Time was when McGee was played in the half-back line with Lacey shadowing the forwards from the full-back line.
“Roles have reversed now, but I keep saying that it’s only temporary that he has the number six shirt,” smiles McGee. “I was always the better footballer you see – I might get that All-Star off him yet!”
Mark McHugh is well aware of what All-Star awards mean. After all, his dad Martin won two of them. Martin is also regarded as one of Donegal’s finest ever, but it’s a measure of Lacey’s worth that he’s mentioned in the same breath as The Wee Man.
“He’s one of the best that Donegal has ever had,” says Mark McHugh.
“Whatever job is laid down to him, he has it to a tee. It’s a privilage to play with a player like Karl.
“He is a serious athlete. Hes’s a winner first and foremost.
“He’ll do anything to win. It summed him up in the Kerry game when he kicked that last point and then got back to win a huge ball in our backline. It’s rare that anyone would ever get the upper hand on Karl.”
Indeed, Nolan still tells the kids in Four Masters to follow his lead.
“I tell the children to look at Karl and what he has done. Karl obviously worked away at his game when he was their age and look at what he has done.
“He was so good at underage level that he always had two years at ever age group, maybe three.

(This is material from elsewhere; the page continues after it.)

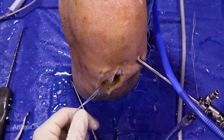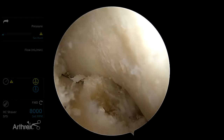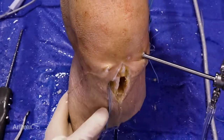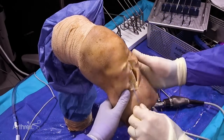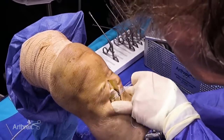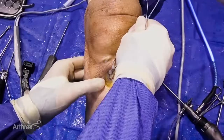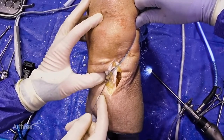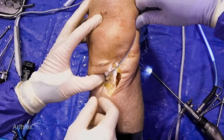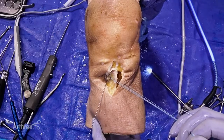Femoral fixation is completed. The ACL is in appropriate position; the knee is taken into extension demonstrating no evidence of impingement — the graft disappears appropriately behind the notch. We then move forward with tibial fixation using the biocomposite fast thread screw. The knee is placed in approximately 10 to 15 degrees of flexion and we check isometry of the bone plug in flexion-extension. Tensioning is mildly antisymmetric which is preferred. We have an intentionally long bone plug — approximately 30 millimeters — with about 25 millimeters inside the tunnel, leaving 5 millimeters outside to facilitate tapping and screw fixation.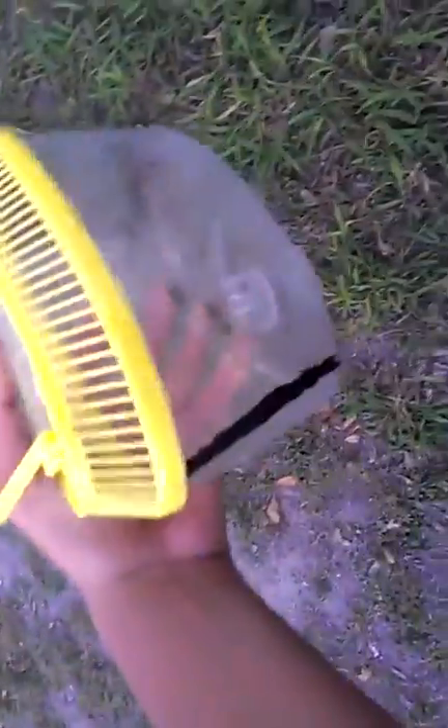What's up guys, I'm basically doing this video on grasshopper catching for my lizard. I basically just see one here, so I'm just going to place this down — hopefully they don't escape me. You see him hop right there, and he's right there, I'm just going to try to get him.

“He was, and is, so dedicated.
“Above all, though, he plays the game very smartly – that’s his greatest asset.”
FOUR MASTERS CENTURIONS
ON SUNDAY, Karl Lacey will become the fourth Four Masters player to reach the magical 100 mark for Donegal.
129 – Joyce McMullen
JOYCE played for 12 years for Donegal between 1982 and 1994. An All-Ireland U21 winner with Donegal in ‘82, McMullan was soon drafted into the senior ranks and won Ulster titles with the county in ‘83, ‘90 and ‘92. The ultimate success came in ‘92 when he got his hands on Sam Maguire. An All-Star winner in 1990.
129 – Séamus Bonner
SÉAMUS had two spells with Donegal – the first from 1972-81 and then from 1983-85. Played in the Ulster winning teams of 1972, 1974 and 1983. Moved to the Civil Service in Dublin. His son Kevin has played senior football for Dublin. Séamus was a member of Brian McEniff’s backroom team in 1992.
117 – Barry Monaghan
A REAL fans’ favourite. Monaghan arrived on the Championship stage in 2001 and was there right up to the Ulster defeat to Down in 2010. A serious leg injury ended his year – and ultimately his intercounty career. A former county captain, Monaghan was one of the mainstays of the Donegal team during his time on the scene.